DAVIS:  You know, Stephen, I’d like to follow that line because, you know, Peter,  you’re making a picture.  I see it as a Venn diagram, where there’s a larger circle here, that is, wherever the money is, and the power is, APA’s ingroup will go.  And it’s sort of more generic. The Science Directorate People and the Ethics Committee Director, who spent three years defending this military policy, they seem military- and DoD-connected. In other words, are we over-reading into this, when it’s actually a generic problem, and they’ll do it no matter what, as long as you have the money and you have the power?  Or whether there is a really quite special, literal connection. I’m of the opinion that [a policy-making APA member, if not on the CIA payroll], is being short-shrifted by the CIA because they should be paying him.  Because everything he did, and does to this day, is exactly to support the CIA [enhanced interrogation practices involving psychologists].  So I think it’s not paranoid to think that it’s quite literal.  But maybe we are too small-minded.
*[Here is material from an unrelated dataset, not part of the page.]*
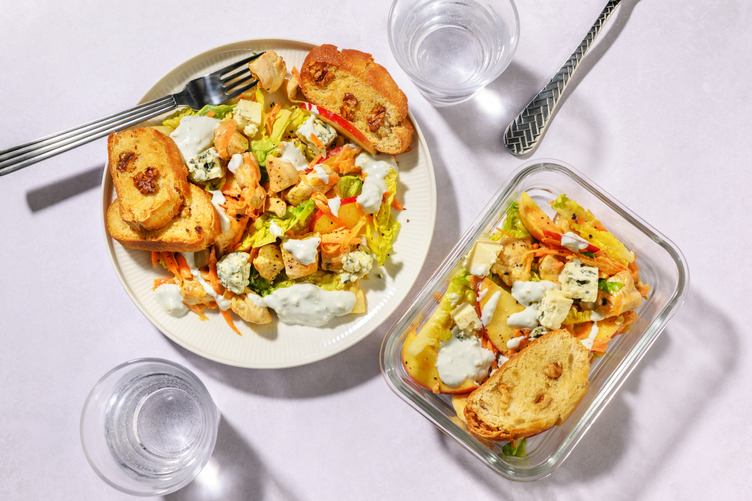 Salade au poulet, pomme & sauce au bleu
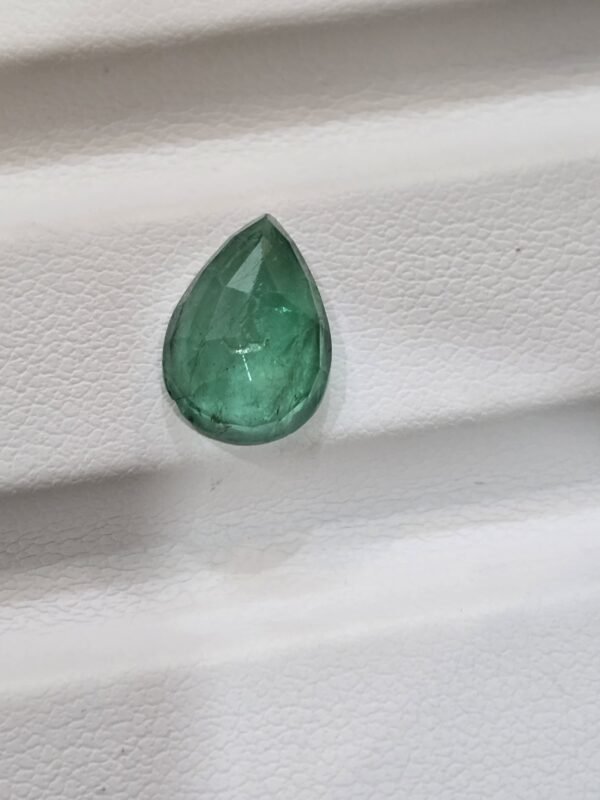 Emerald 2.75 carat 3.05 ratti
SOLDZ:    I have heard from people with intel connections that they control the APA, but I can’t confirm it.


DAVIS:  Well, it’s a little like, “If it walks like a duck and talks like a duck, it’s a duck.”  And even if it isn’t literally a duck, it’s functionally a duck.


GUMPERT:  It’s a duck in effect.

     And I think it’s not either/or, I think it’s both.  Both direct connections with CIA and the other intel organizations, and also this much broader tendency to be involved with and to emulate those in power. 


SOLDZ:    It’s the culture that Peter’s pointing to that makes it easy for a small group of people to pull this off, without anyone stopping them.


GUMPERT:  Or without even very many people being aware that it’s going on.


LONG:  If you want to understand a culture, you must be looking for who is getting what out of what.  What is APA getting out of being the lackey for the CIA?  I’m not saying that necessarily they are.  But if they’re very closely tied with all these power systems, what does an organization as an organization get out of it?


GUMPERT:  Well, quite possibly, in a material sense, research grants.  I don’t know to what extent there are contracts directly to the organization or to some of its members.


SOLDZ:  Supposedly there’s five million dollars in direct contracts. But I don’t know where it is.


DAVIS:  Direct contracts to the APA?


SOLDZ:  From the DoD, for training or something.  I couldn’t find it, but I’m not at all an expert in how to track that down.


LONG:  The other half would be, what does the CIA get out of it?  Well, I understand what PENS was for, and why they wanted to whitewash torture. But in a longer, deeper, cultural sense, why does the CIA need the APA?


SOLDZ:  Well, why does the CIA control the National Student Association and just about every organization —


LONG:  Well, I think there they were spying.


GUMPERT:  Spying in some cases, and using in others.


ARRIGO:  Peter, we need some help in how to approach this. 


GUMPERT:  Approach it in what sense?


ARRIGO:  In our casebook.


GUMPERT:  One of the things that’s important here, it seems to me is a kind of pathological certainty about the rightness of these action.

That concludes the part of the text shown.